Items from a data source
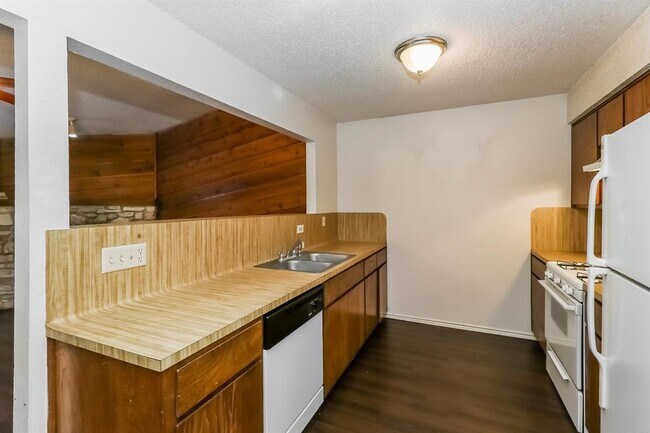 Foto del edificio - 1002 Country Aire Dr
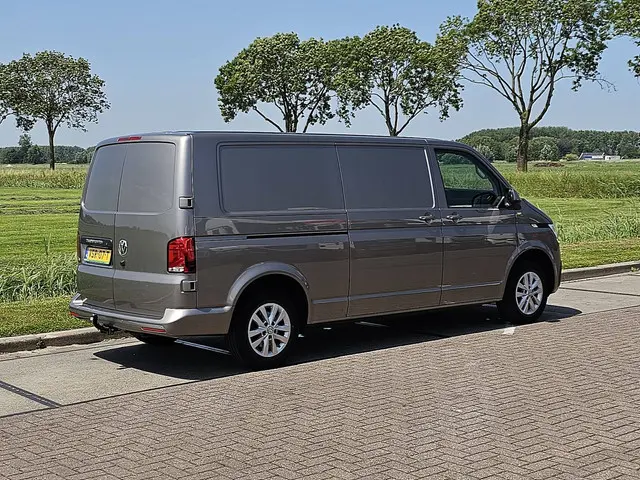 Volkswagen Transporter 2.0 TDI 2022 Diesel 3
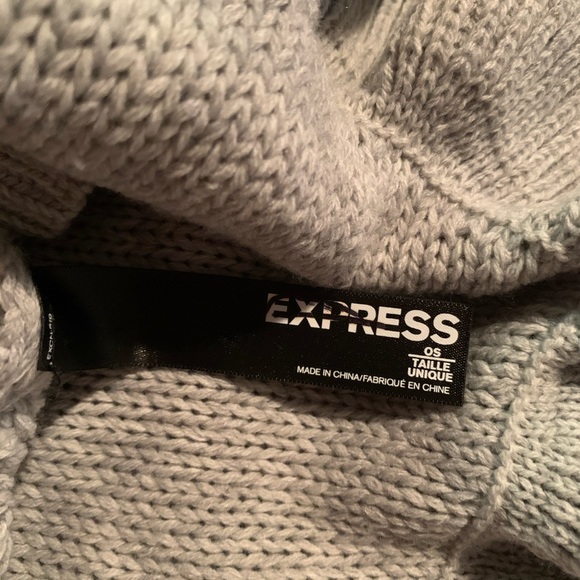 Express Scarf - Picture 6 of 6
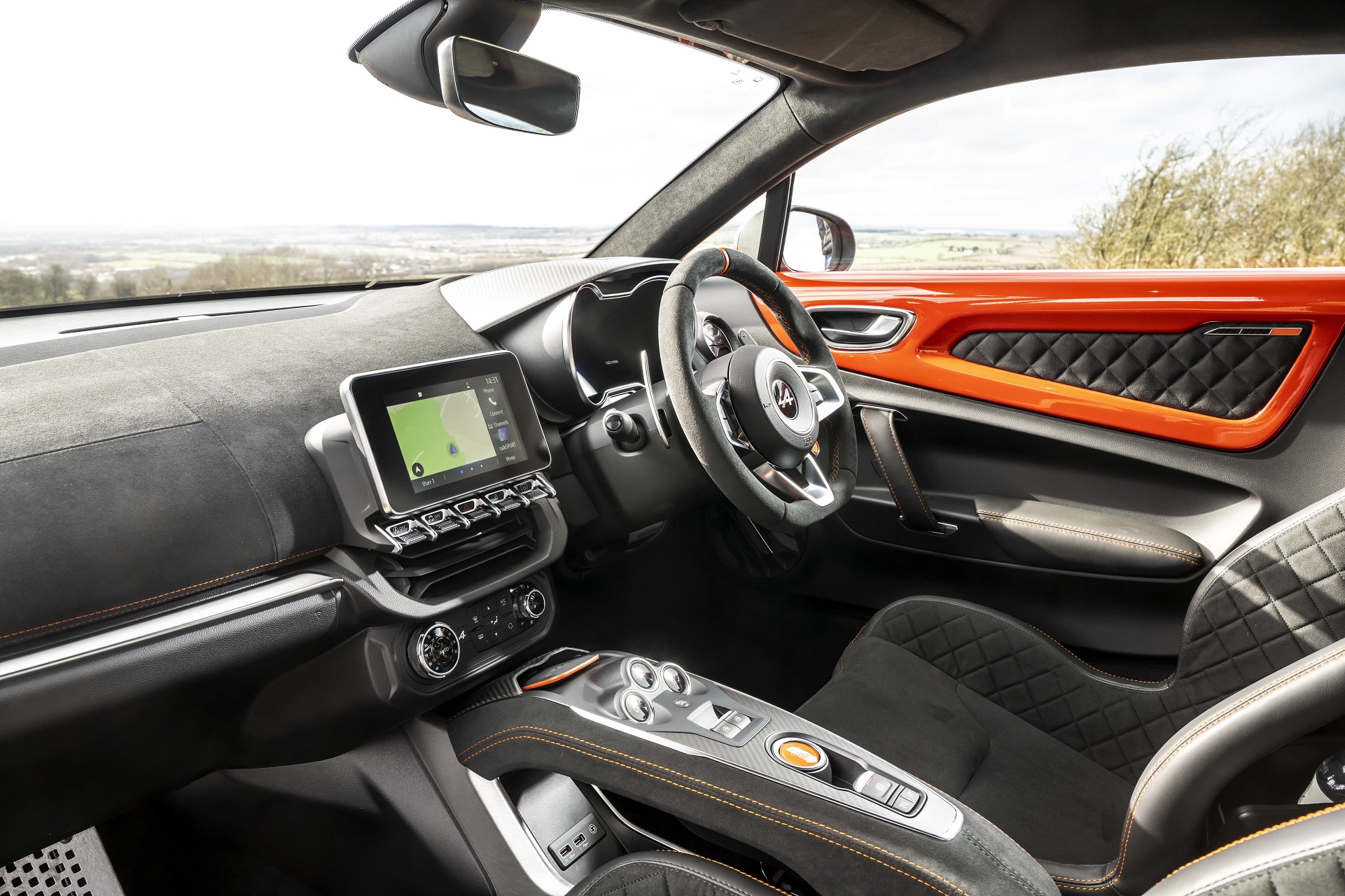 Download 2022 Alpine A110 S - UK version - Interior HD Wallpaper 1921x1280 #59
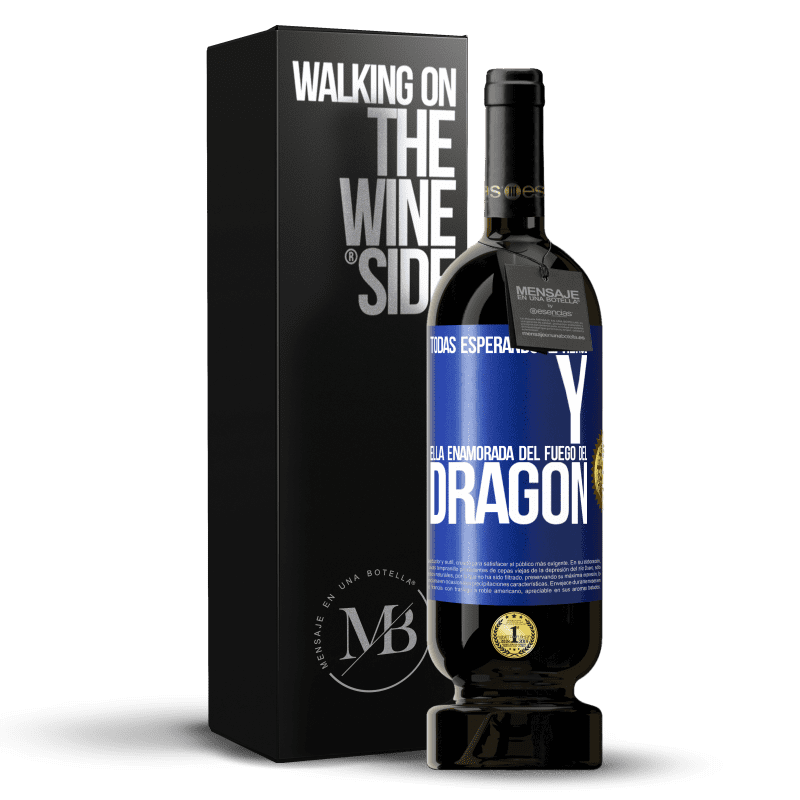 49,95 € Envío gratis | Vino Tinto Edición Premium MBS® Reserva Todas esperando al héroe y ella enamorada del fuego del dragón Etiqueta Azul. Etiqueta personalizable Reserva 12 Meses Cosecha 2015 Tempranillo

** WHAT IS BEING ASKED **
Your answer must be an exact copy of the records, minus any pictures.

** SOLUTION TO THIS PROBLEM **
 Foto del edificio - 1002 Country Aire Dr
 Volkswagen Transporter 2.0 TDI 2022 Diesel 3
 Express Scarf - Picture 6 of 6
 Download 2022 Alpine A110 S - UK version - Interior HD Wallpaper 1921x1280 #59
 49,95 € Envío gratis | Vino Tinto Edición Premium MBS® Reserva Todas esperando al héroe y ella enamorada del fuego del dragón Etiqueta Azul. Etiqueta personalizable Reserva 12 Meses Cosecha 2015 Tempranillo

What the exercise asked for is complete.